Simple effet de l’association réflexe de l’Amérique à Israël par le « sud global » ?

Non. Le peuple palestinien n’a oublié ni Camp David 1978, ni Oslo 1993, ni Taba 1995, ni Camp David 2000 : dans tous ces cas, productifs ou non, les USA étaient prescripteurs et, quelle que soit la détestation de la population palestinienne pour le Satan américain, elle a toujours vu en l’action de Washington — et de son « vassal onusien »-  la clé de résolution de ses difficultés.

Les Palestiniens savent aussi que la région est loin d’afficher la cohérence arabe sur laquelle devraient se fonder les négociations à venir, témoin l’attentat meurtrier, 84 morts, perpétré par les djihadistes de l’EI à Kerman en Iran.

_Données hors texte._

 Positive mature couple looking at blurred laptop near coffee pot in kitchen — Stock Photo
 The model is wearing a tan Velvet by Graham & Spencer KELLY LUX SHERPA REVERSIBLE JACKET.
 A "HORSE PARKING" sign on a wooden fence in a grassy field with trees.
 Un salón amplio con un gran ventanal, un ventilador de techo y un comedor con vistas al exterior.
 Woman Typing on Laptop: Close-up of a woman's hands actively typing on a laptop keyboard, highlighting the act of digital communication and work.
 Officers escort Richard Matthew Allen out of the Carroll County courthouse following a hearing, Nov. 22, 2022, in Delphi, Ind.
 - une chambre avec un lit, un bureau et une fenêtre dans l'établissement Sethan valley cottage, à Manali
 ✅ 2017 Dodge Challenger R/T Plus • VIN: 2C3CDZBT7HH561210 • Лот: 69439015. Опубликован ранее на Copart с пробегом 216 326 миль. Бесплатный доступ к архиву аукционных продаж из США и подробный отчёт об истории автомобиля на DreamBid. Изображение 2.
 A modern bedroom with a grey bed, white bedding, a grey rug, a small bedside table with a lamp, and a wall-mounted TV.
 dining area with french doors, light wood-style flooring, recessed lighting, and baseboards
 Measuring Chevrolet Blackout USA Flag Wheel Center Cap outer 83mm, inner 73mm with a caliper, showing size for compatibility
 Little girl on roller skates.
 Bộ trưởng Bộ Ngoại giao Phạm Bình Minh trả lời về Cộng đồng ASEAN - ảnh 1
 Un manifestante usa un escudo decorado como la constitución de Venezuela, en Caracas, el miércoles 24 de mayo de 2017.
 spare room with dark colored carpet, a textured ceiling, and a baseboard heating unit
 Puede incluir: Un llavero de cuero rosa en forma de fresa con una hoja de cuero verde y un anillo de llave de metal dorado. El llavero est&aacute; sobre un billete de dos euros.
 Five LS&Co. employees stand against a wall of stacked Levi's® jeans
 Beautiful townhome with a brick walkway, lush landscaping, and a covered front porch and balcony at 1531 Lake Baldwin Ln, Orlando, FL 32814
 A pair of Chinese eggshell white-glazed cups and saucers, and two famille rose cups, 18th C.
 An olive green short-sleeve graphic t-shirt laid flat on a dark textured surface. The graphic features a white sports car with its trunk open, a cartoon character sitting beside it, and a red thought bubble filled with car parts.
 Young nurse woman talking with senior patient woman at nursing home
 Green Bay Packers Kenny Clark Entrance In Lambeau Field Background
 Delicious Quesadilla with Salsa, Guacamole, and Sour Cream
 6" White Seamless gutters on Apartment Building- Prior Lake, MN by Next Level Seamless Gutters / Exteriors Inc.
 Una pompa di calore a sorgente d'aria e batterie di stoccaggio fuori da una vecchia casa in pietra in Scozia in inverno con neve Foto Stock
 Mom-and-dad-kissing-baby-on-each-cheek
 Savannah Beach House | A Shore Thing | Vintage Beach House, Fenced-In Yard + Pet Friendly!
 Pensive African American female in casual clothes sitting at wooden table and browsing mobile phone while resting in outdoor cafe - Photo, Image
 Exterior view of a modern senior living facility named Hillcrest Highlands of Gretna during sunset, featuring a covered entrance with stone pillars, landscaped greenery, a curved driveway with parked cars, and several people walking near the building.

Mais voilà : Washington a tout fait et fait tout pour nuire à son aura…

Intervention en Irak de 2003, trois ans après l’échec de Camp David, frilosité d’Obama sur le dossier syrien et inconséquente opération libyenne de 2011, soutien sans réserve à la mise au pas du printemps égyptien de 2013 qui encourage a posteriori la réserve du Caire sur le dossier palestinien, piteux retrait afghan 2021, oppositions au sein du camp démocrate en matière d’action internationale, unilatéralisme trumpien, échec de la diplomatie américaine à faire pièce aux menées coloniales des faucons israéliens ou au harcèlement houthi : tout a concouru et concourt au sape d’une aura Américaine.

Cette mauvaise image de l’Amérique est ternie encore un peu plus par le lustre des initiatives de la Chine, de la Russie, de la Turquie, mais surtout du Qatar, de l’Arabie saoudite ou des Émirats arabes unis. Tous semblent non seulement en mesure de peser sur l’avenir du conflit, mais encore de faire feu de tout bois diplomatique sur d’autres fronts : aux Émirats, Abou Dabi n’est-il pas depuis 2022 à la manœuvre, s’agissant du dossier des échanges de prisonniers ukrainiens ? En Arabie Saoudite, Riad n’est-il pas au travail depuis l’été 2023 sur un plan de paix pour l’Ukraine en lien avec Zelensky ? Au Qatar, Doha ne contribue-t-il au pas au retour en Ukraine d’enfants déportés ?

Tout atteste, en somme, que la multipolarisation géopolitique donne aujourd’hui à la rue palestinienne des raisons d’allier, envers Washington, le dédain à l’inimitié.